Das ist es, was wir sehen. Birte und Niklas sehen mehr. Und das nicht, weil sie hellseherische Fähigkeiten haben, sondern weil sie sich physikalischer Gesetze bedienen. Beide studieren Mensch-Technik-Interaktion, abgekürzt mit MTI. Im Studium lernen sie physikalische Gesetze nicht nur in der Theorie kennen, sondern wenden sie praktisch an und verstehen, wie sie Teil unseres Alltags sind. Auch in den Bewegungsabläufen unseres Körpers steckt jede Menge Physik. Jede Bewegung, die wir ausführen, ist dabei das Ergebnis eines komplexen Zusammenspiels von Muskeln, Knochen und Gelenken. Birte und Niklas beschäftigen sich intensiv mit diesen biomechanischen Abläufen.

Den Großteil unserer Bewegungen führen wir automatisch aus und denken nicht weiter darüber nach. Bei sportlichen Aktivitäten ist eine saubere Bewegungsausführung allerdings entscheidend. Im Leistungssport wird sich deshalb intensiv mit der Biomechanik auseinandergesetzt. Maßgeschneiderte Trainingsmethoden und fortlaufende Optimierung sorgen für die perfekte Ausführung. Ob beim Skispringen, Laufen, Diskuswerfen oder Eiskunstlaufen – bereits kleinste Abweichungen in der Bewegung können große Auswirkungen haben. Birte und Niklas messen und analysieren innerhalb ihrer Projektarbeit die menschliche Bewegung, genauer die vertikalen Bodenreaktionskräfte in der Sport Biomechanik. Es ist kein Zufall, dass sich die beiden mit diesem sportlichen Thema auseinandersetzen. Birte kommt aus dem Leistungssport im Volleyball, war in der Leichtathletik sehr aktiv, ist ausgebildete Snowboard- und Surflehrerin und bewegt sich am liebsten mit dem Skateboard fort. Niklas fährt lieber die schweren Geschütze auf und macht vor allem Kraftsport. Sport ist ihr täglicher Begleiter und fasziniert sie sowohl in der Theorie als auch in der Praxis.

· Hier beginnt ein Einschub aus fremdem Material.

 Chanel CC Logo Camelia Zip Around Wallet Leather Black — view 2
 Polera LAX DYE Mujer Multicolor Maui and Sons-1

„Übt Körper A eine Kraft auf Körper B aus, so übt Körper B auf Körper A eine Gegenkraft aus”

Bodenreaktionskräfte, erklärt Niklas, sind diejenigen Kräfte, die auf einen Körper wirken, wenn er auf dem Boden steht. Im stillen Zustand entspricht diese Kraft dem Körpergewicht. Sobald er sich bewegt, verändert sich die Kraft. Kleiner Crashkurs in Physik: Das physikalische Prinzip, das dahintersteht, ist das 3. Newton´sche Gesetz, das besagt:  Übt Körper A eine Kraft auf Körper B aus, so übt Körper B auf Körper A eine Gegenkraft aus. Das ist das Prinzip von Actio und Reactio, besser bekannt als Wechselwirkungsprinzip. 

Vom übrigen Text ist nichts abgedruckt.